It was tight throughout, Wheaton Academy's 34-28 halftime lead matched by two other 6-point leads the Warriors briefly held in the third quarter.

Wheaton Academy (6-2) led 54-51 with 2:22 left on Ritchie's lay-in from an Eric Albaugh pass, but Hill's fadeaway jumper with 1:17 left tied at it 56-56.

Neither team scored the rest of the fourth quarter, but after Rusthoven's try for a game-winning shot missed, a loose-ball foul on Hope put the Warriors on the foul line for 2 free throws with one second on the clock.

"I told my kids, expect a miracle," Hope coach Gary Tate said. "And a miracle happened tonight."

In overtime the Mighty Eagles sped to a 66-59 lead only to see Wheaton Academy score 7 straight points.

Hope sophomore Avery Busch's baseline jumper gave Hope a 68-66 lead with 24 seconds left in overtime.
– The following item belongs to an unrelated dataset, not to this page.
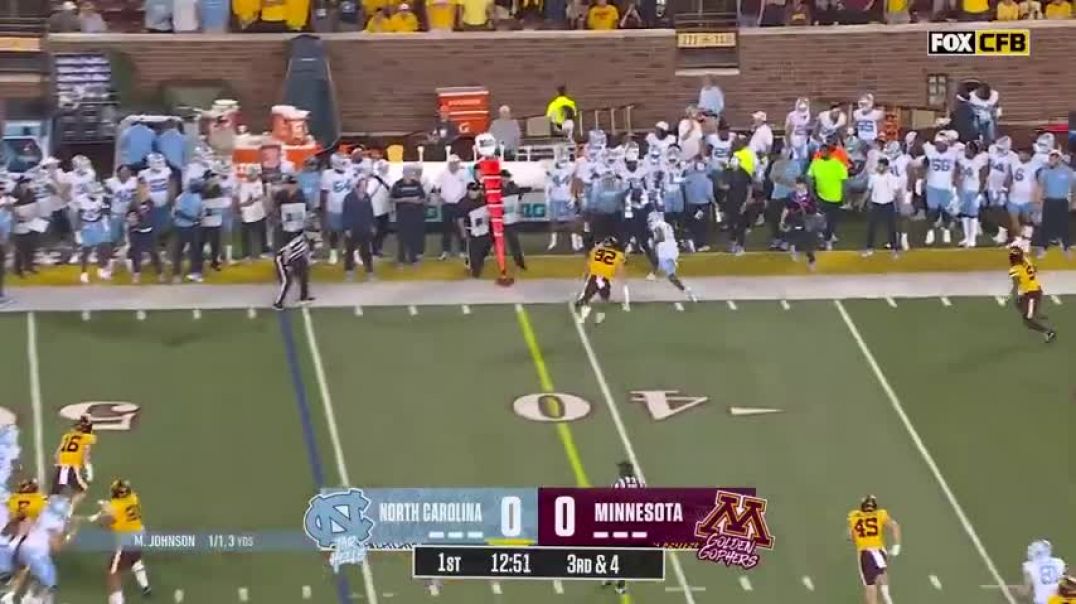 ⁣North Carolina Tar Heels vs. Minnesota Golden Gophers Highlights | FOX College Football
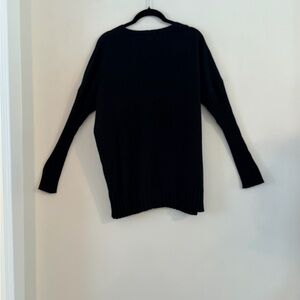 Workshop Republic Clothing Black Scoop Neck Lightweight Sweater Size S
Rusthoven answered with 2 free throws with 10 seconds left.

The Mighty Eagles quickly got the ball downcourt, passed out of a trap, and the last player Tate brought off the bench - sophomore Jessie Covington - passed across the lane for Busch's game-winning basket.

Warriors coach Paul Ferguson lamented the three-man trap that allowed a two-on-one break for the winning basket but said free-throw shooting was the killer.

"It's been a big emphasis for us this year, and we just did not shoot them well tonight at all," he said. "It cost us the game."